8) La bombe atomique : 
La nana physiquement parfaite qui fera baver d’envie tous vos copains (et surtout le vôtre) et vous fera pleurer intérieurement. La bombe en puissance est toujours bien foutue, la chevelure domptée, et même les vagues semblent l’épargner quand elle se jette à l’eau. Bien sûr, elle à tout pour plaire et elle le sait. Elle rit à gorges déployées et telle une apparition divine se déplace avec grâce sur les plages ensablées. Sauf à prier pour qu’elle se fasse dévorer par un calamar géant, vous peinerez à vous en débarrasser. Subissez donc en silence, sous peine de passer pour une rabat-joie aigrie, complexée et jalouse. 





9) Le sportif acharné : 
On en a tous un dans sa bande de potes pour qui plage rime avec sport. Mais si, c’est toujours lui qui apporte les raquettes de plage ou le ballon de foot! C’est lui qui vous tanne toute la journée pour aller tester les planches de paddle, ou s’essayer au ski nautique. Il ne tient pas en place et vous fatigue quand vous aimeriez seulement bouquiner tranquillement le dernier Marc Levy. Un conseil ? Inscrivez-le au tournoi de beach volley, vous aurez la paix.

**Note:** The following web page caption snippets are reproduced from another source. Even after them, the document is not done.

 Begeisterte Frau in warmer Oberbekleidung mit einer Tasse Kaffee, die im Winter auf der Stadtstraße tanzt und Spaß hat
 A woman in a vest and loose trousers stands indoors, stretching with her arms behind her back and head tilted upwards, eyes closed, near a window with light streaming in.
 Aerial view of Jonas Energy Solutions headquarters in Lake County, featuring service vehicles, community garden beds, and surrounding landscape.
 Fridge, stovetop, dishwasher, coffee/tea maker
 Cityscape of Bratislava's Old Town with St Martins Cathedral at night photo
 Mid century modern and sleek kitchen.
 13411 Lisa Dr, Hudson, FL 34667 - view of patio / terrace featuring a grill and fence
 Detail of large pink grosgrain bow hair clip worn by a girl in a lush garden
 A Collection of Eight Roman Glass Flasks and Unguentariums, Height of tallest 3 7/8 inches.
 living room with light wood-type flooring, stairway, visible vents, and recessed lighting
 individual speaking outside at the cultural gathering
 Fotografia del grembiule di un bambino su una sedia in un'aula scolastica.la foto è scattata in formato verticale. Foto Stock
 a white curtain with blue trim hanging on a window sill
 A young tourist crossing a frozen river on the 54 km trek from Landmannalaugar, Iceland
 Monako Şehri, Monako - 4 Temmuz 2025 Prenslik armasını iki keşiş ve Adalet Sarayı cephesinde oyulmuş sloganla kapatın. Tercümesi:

10) L’exhibo décomplexée : 
Pas toujours très jolie, elle compense son physique peu gracieux par une pudeur inexistante. Topless bien sûr, elle a trouvé le plus petit bikini ficelle de la planète. Taille 12 ans, si ses seins ne sont pas refaits elle ondule du fessier tout le long du bord de mer. Son string bien remonté, tous les prétextes sont bons pour s’afficher sur la plage : en toute impunité elle affiche ses atouts sans l’ombre d’une hésitation sous le regard et la langue pendu de vos potes qui ont l’air d’avoir été lobotomisé par tant de nudité. Mais qu’on se rassure, l’exhibo loin d’être protégée par la taille ridicule de son maillot pourrait rapidement être mise KO... par une méduse (perverse) de passage.